WORK REQUIRED:
Your answer should hold exactly the lines beginning with the one that contains "Câmera Dash Veicular" and ending with the last line of the material, both included. Leave every picture out.

THE DATA:
*** Block opens ***

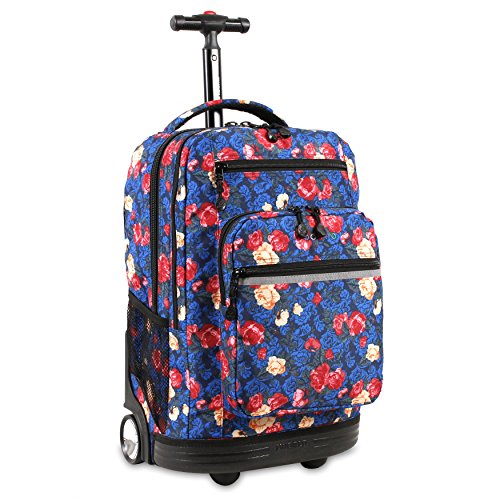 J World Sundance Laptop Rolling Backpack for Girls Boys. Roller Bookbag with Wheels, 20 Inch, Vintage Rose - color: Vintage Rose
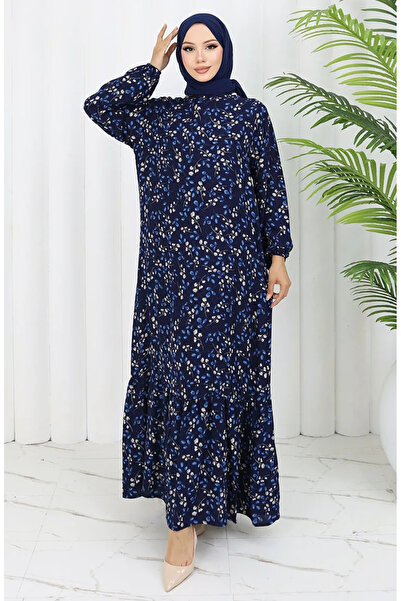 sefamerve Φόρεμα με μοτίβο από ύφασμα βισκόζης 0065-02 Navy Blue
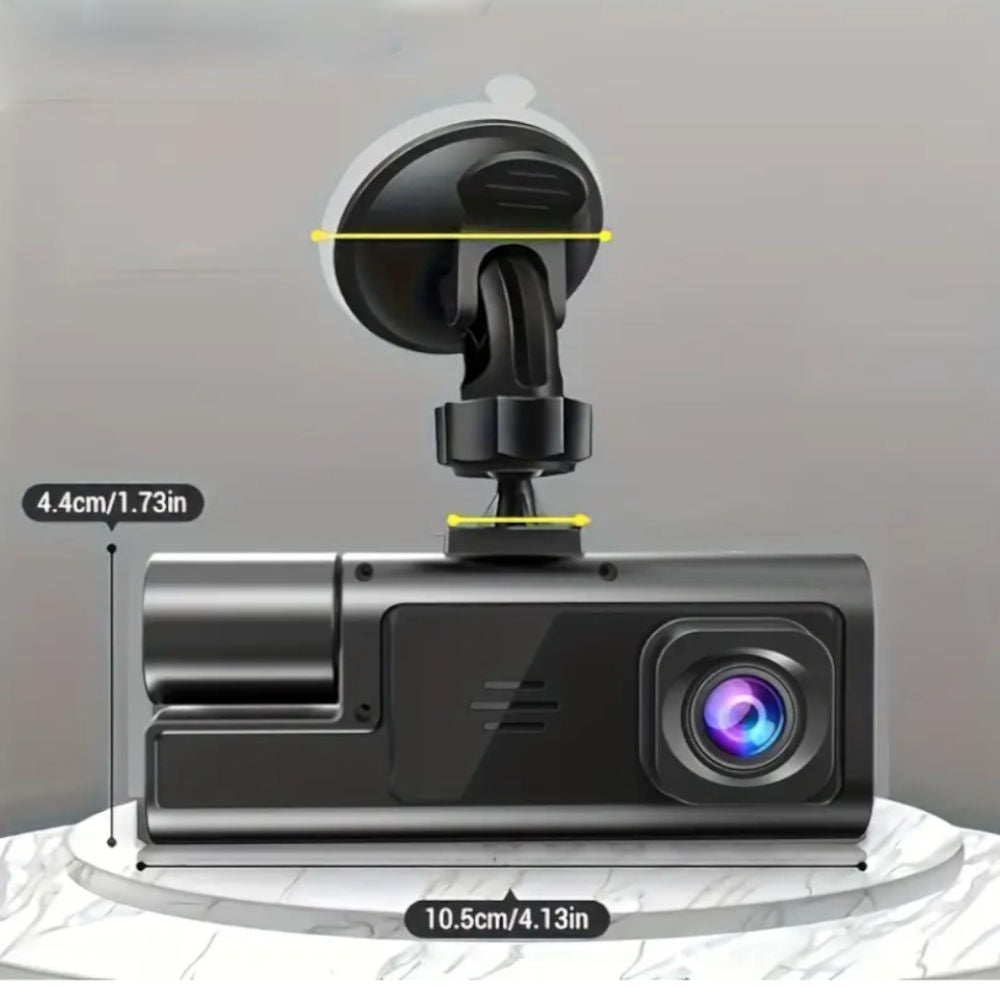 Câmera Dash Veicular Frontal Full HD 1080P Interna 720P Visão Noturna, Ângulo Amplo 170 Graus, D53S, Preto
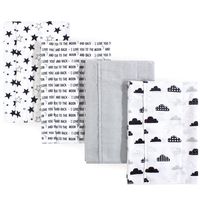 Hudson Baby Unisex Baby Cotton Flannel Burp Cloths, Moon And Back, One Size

*** Block closes ***

RESPONSE BOX:
 Câmera Dash Veicular Frontal Full HD 1080P Interna 720P Visão Noturna, Ângulo Amplo 170 Graus, D53S, Preto
 Hudson Baby Unisex Baby Cotton Flannel Burp Cloths, Moon And Back, One Size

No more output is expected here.